Various attributes and commands have been developed to improve support of nomad orchestration and batch jobs (e.g., change dns config during clone, ability to disable tmpfs, new last-run-stats command). A new pot release will follow soon.

Potluck aims to be to FreeBSD and pot what Dockerhub is to Linux and Docker: a repository of pot flavours and complete container images for usage with pot and in many cases nomad.

Many of the core images like Nomad, Consul and Vault that can be used to build a private cloud and orchestration platform, but also e.g. Prometheus or PostgreSQL Patroni, have reached a stable status over the last quarter and are in production use now.

To make navigating the evolving pot ecosystem easier, most project resources have been centralized in a dedicated github project: https://github.com/bsdpot

There, we plan to release ansible playbooks that allow easily creating a FreeBSD based orchestration environment from scratch based on all these tools.

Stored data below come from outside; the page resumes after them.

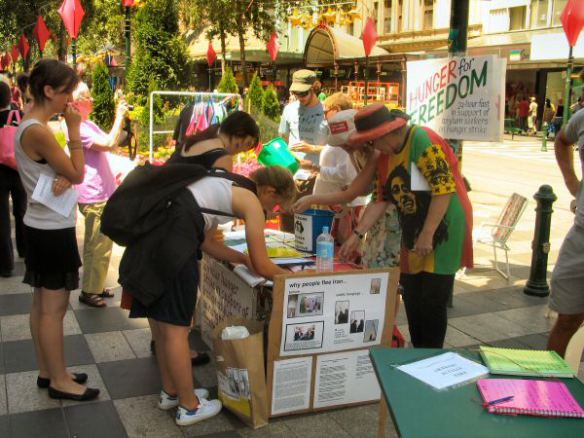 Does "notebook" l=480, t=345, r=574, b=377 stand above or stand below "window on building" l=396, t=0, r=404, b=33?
below

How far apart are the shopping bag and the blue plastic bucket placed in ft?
2.52

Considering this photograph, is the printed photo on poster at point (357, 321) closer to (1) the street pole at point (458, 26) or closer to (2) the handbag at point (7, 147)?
(1) the street pole at point (458, 26)

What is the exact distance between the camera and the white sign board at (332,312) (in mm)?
3113

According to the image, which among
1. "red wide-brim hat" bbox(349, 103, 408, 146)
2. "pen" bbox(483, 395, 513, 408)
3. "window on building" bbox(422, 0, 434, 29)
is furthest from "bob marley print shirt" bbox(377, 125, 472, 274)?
"window on building" bbox(422, 0, 434, 29)

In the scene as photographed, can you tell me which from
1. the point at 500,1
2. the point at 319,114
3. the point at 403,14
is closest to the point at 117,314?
the point at 319,114

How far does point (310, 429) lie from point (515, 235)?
5770 millimetres

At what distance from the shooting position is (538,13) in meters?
30.3

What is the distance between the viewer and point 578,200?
3230mm

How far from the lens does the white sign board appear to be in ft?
10.2

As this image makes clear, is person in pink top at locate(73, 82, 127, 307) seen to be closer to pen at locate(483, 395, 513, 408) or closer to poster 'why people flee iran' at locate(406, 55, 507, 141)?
poster 'why people flee iran' at locate(406, 55, 507, 141)

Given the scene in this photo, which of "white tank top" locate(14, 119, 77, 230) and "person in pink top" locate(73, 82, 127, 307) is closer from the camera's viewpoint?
"white tank top" locate(14, 119, 77, 230)

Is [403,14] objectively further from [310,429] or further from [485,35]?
[310,429]

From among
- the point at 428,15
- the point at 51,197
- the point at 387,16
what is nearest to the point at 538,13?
the point at 428,15

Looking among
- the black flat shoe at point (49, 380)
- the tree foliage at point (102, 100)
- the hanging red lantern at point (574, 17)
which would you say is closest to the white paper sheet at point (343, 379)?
the black flat shoe at point (49, 380) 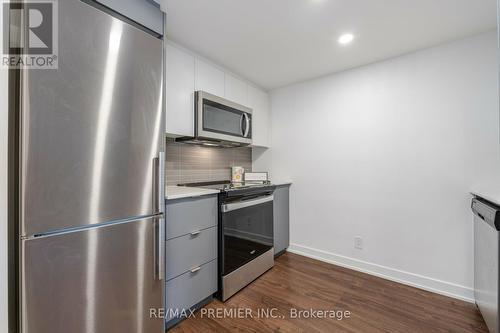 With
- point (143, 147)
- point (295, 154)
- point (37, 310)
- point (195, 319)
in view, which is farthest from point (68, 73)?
point (295, 154)

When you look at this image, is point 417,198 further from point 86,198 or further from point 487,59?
point 86,198

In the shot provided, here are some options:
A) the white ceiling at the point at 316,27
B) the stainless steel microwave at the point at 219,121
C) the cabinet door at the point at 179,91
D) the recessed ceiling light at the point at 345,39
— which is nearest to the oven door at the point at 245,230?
the stainless steel microwave at the point at 219,121

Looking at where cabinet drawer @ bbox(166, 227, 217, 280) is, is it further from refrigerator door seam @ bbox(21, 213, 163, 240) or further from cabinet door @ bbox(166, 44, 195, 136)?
cabinet door @ bbox(166, 44, 195, 136)

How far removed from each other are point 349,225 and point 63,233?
8.07 feet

As always, feedback and patches are welcome.


Fpart and fpsync

Contact: Ganael Laplanche <martymac@FreeBSD.org>

What is fpart ?

Fpart is a filesystem partitioner. It helps you sort file trees and pack them into bags ("partitions").

It uses FreeBSD’s fts(3) implementation (GNU/Linux builds can also use it as an option), which makes it crawl filesystems very fast.

A hook facility is provided to trigger actions on the partitions produced.

What is fpsync ?

Fpsync is a companion script that uses fpart under the hood to parallelize rsync(1) or cpio(1) jobs, making it a simple but powerful data migration tool. Those jobs can be run either locally or remotely (using SSH). Fpsync is often used by researchers and cloud providers where lots of data need to be moved and clusters are available to speed up transfers.

Q1 2022 Status

Both tools continued to evolve and saw several bugs fixed; see the changelog.

Also, a user reported a major bug regarding our fts(3) implementation, which ignores readdir(3) errors. I have reported the bug in our Bugzilla:

It should be merged soon (hopefully).

Last but not least, fpart has been referenced in the French Government’s 'SILL'.

Contributing

If you are interested in contributing, have a look at the TODO list.

Any contribution is welcome, more especially in the field of unit testing.